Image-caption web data
- Opening Delimiter -

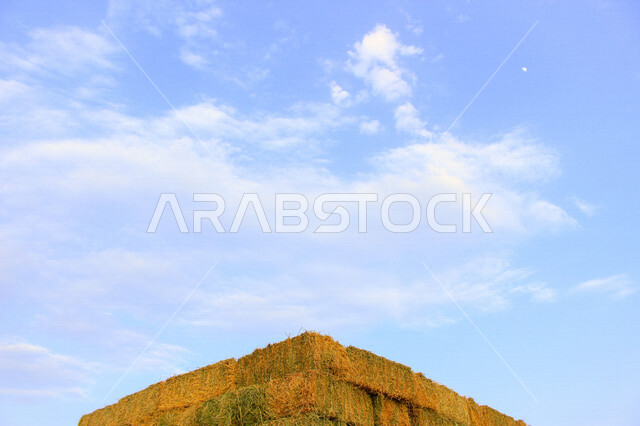 مناظر طبيعية خلابة في سماء المملكة العربية السعودية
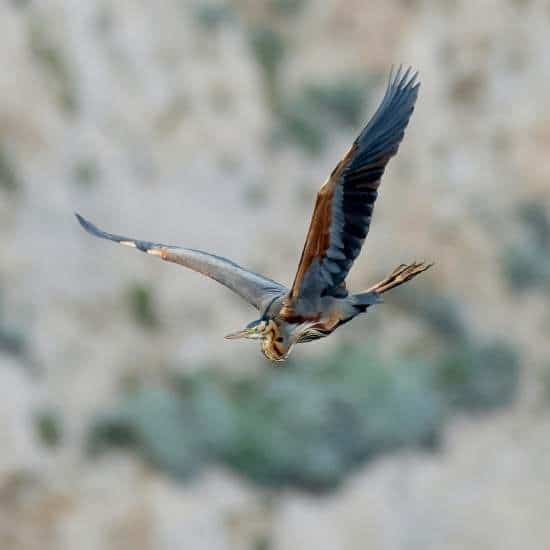 Birdlife Gozo
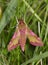 Small Elephant Hawkmoth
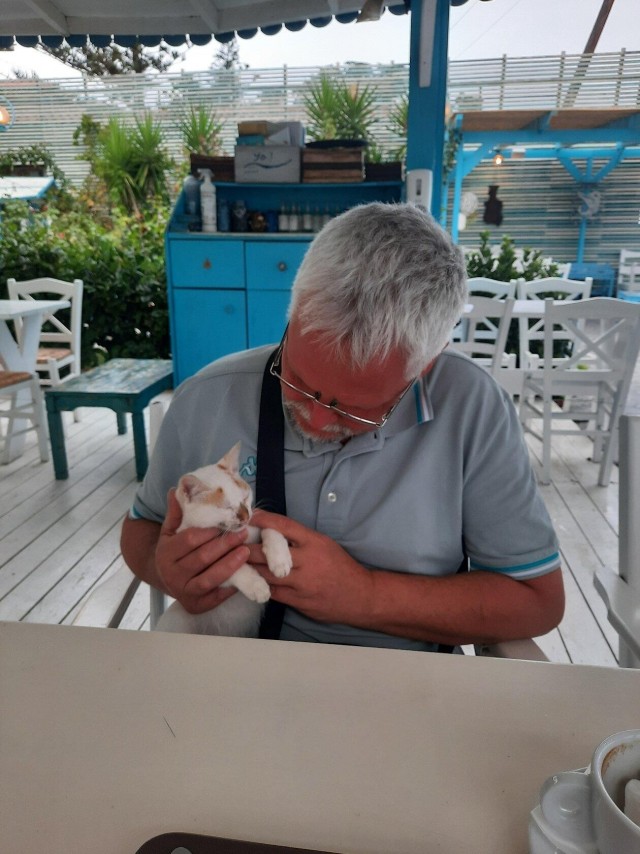 Девушка каждый день кормила бездомную кошку, а когда та родила единственного котёнка, то вежливо попросила забрать его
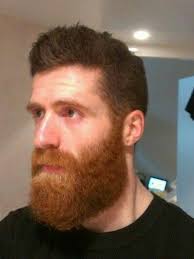 Beards Men Two Tone Red Beard Beard Hairstyle Beard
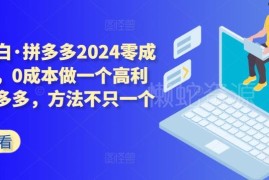 2024拼多多零成本起店攻略 无付费也可做高利润高客单店铺
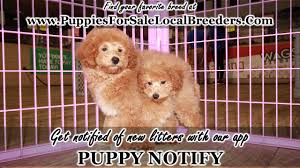 Home raised goldendoodle puppies located at our country estate at american goldendoodle we take pride in hand raising our puppies. Mini Goldendoodle Puppies For Sale Georgia Local Breeders Gwinnett County Ga Youtube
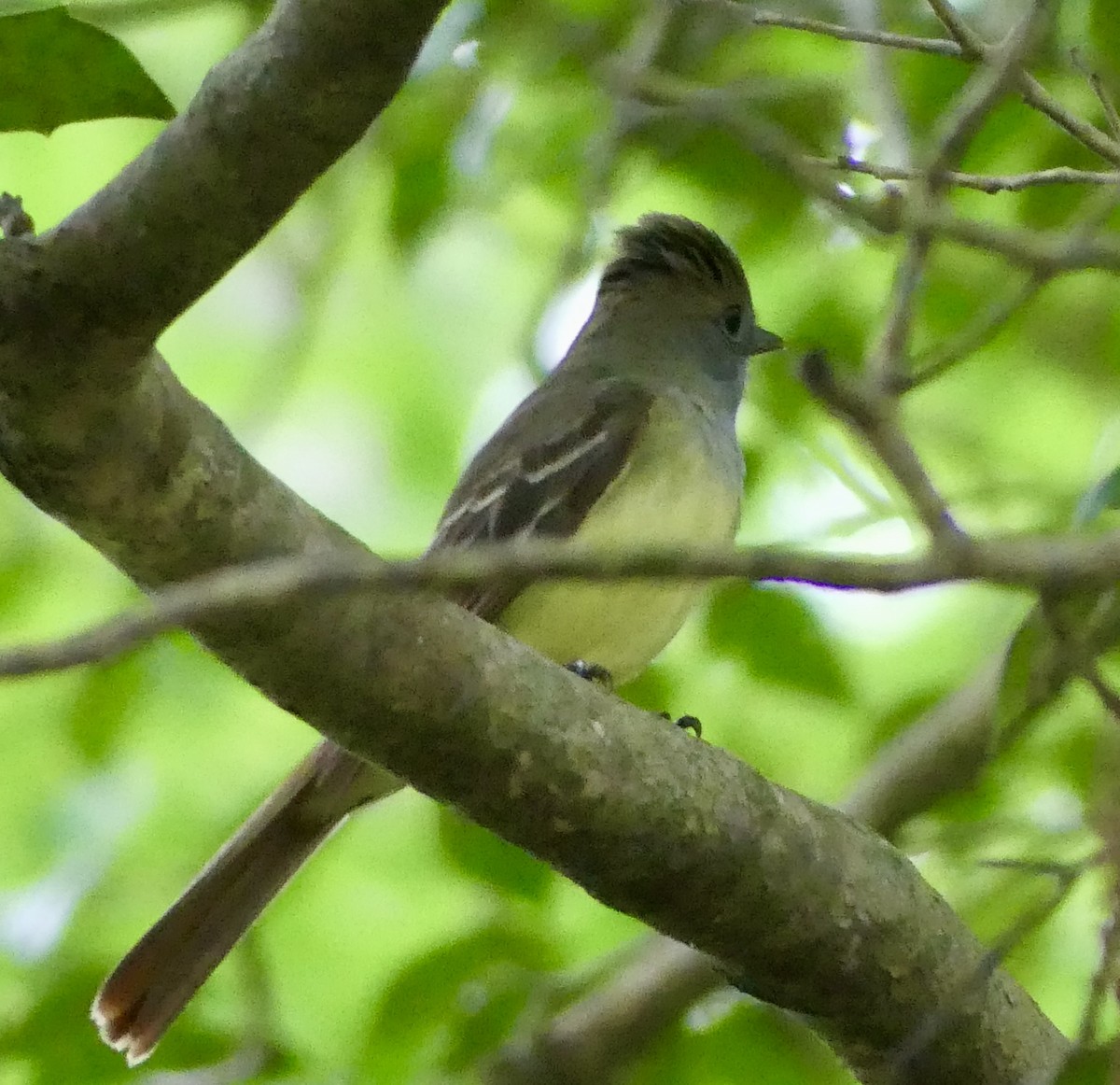 Great Crested Flycatcher - ML619110023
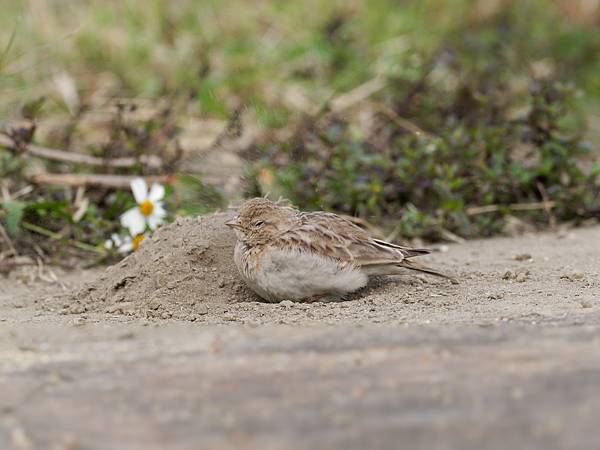 PC271248_DxO PC271248_DxO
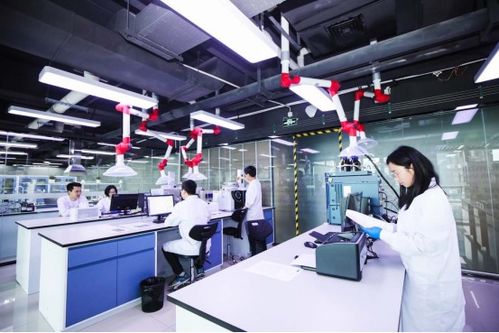 安徽百納藥業 深耕痛風降酸研究，以專業服務守護健康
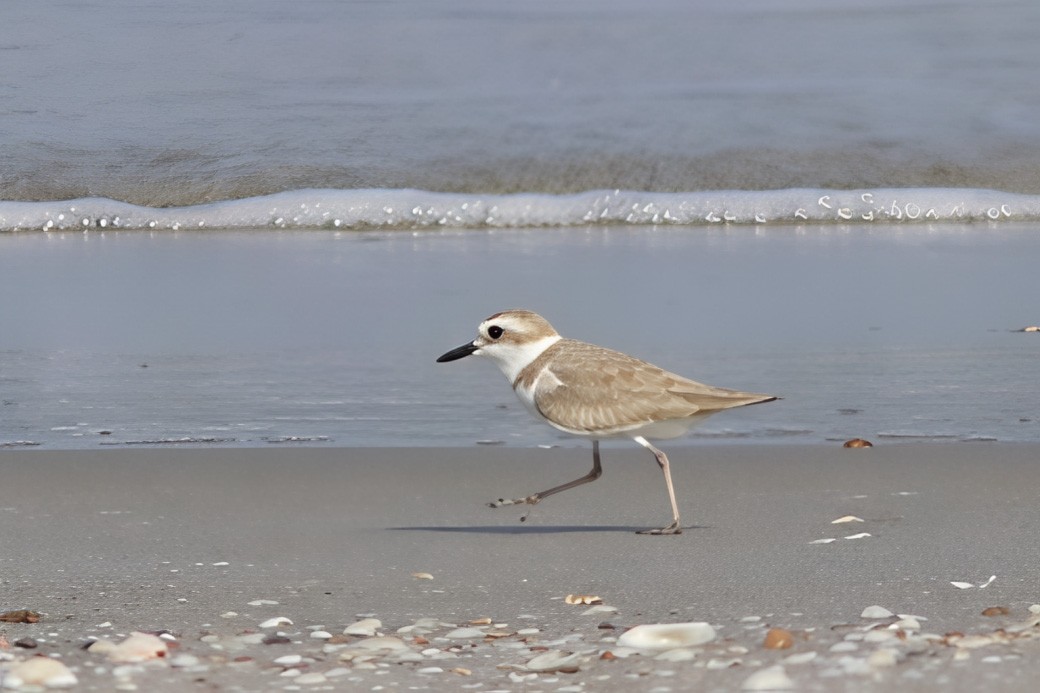 White-faced Plover - ML643757799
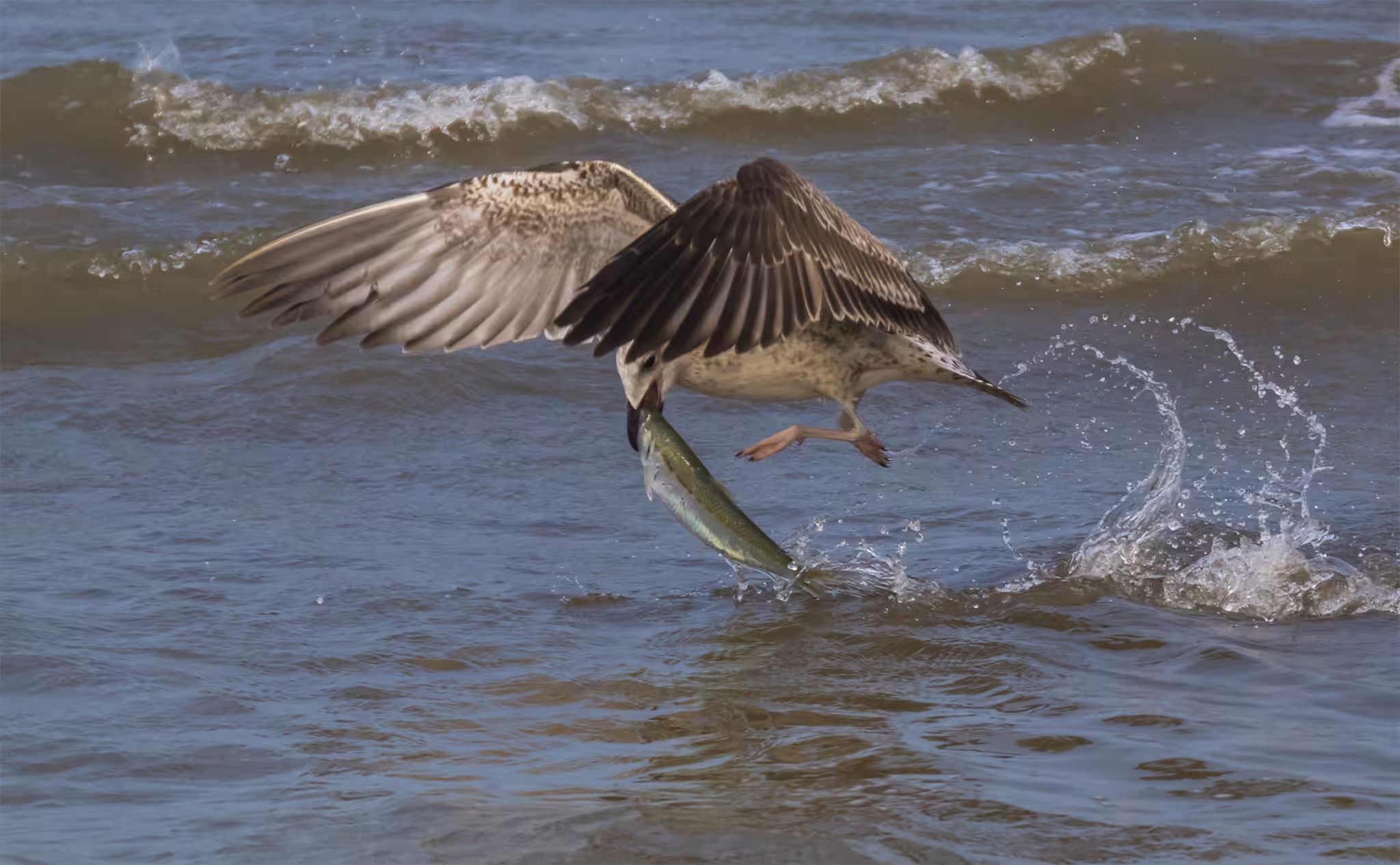 fisher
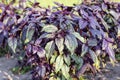 Purple basil Royalty Free Stock Photo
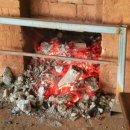 숲을 그리다 이미지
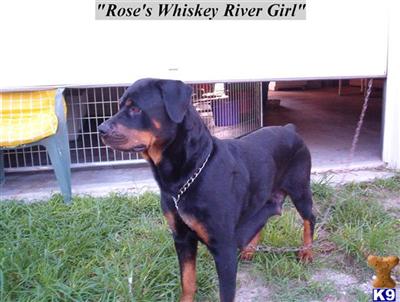 Rottweiler Puppies in FL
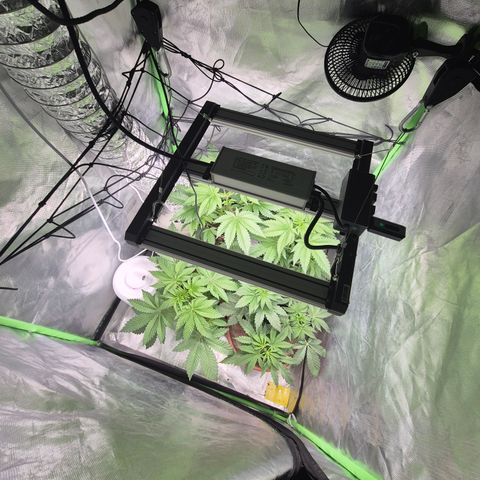 Moby Dick 1 growlog timeline photo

- Closing Delimiter -

* Try it: All entries are to be retyped exactly. Omit any embedded images.

* Response to the task:
 مناظر طبيعية خلابة في سماء المملكة العربية السعودية
 Birdlife Gozo
 Small Elephant Hawkmoth
 Девушка каждый день кормила бездомную кошку, а когда та родила единственного котёнка, то вежливо попросила забрать его
 Beards Men Two Tone Red Beard Beard Hairstyle Beard
 2024拼多多零成本起店攻略 无付费也可做高利润高客单店铺
 Home raised goldendoodle puppies located at our country estate at american goldendoodle we take pride in hand raising our puppies. Mini Goldendoodle Puppies For Sale Georgia Local Breeders Gwinnett County Ga Youtube
 Great Crested Flycatcher - ML619110023
 PC271248_DxO PC271248_DxO
 安徽百納藥業 深耕痛風降酸研究，以專業服務守護健康
 White-faced Plover - ML643757799
 fisher
 Purple basil Royalty Free Stock Photo
 숲을 그리다 이미지
 Rottweiler Puppies in FL
 Moby Dick 1 growlog timeline photo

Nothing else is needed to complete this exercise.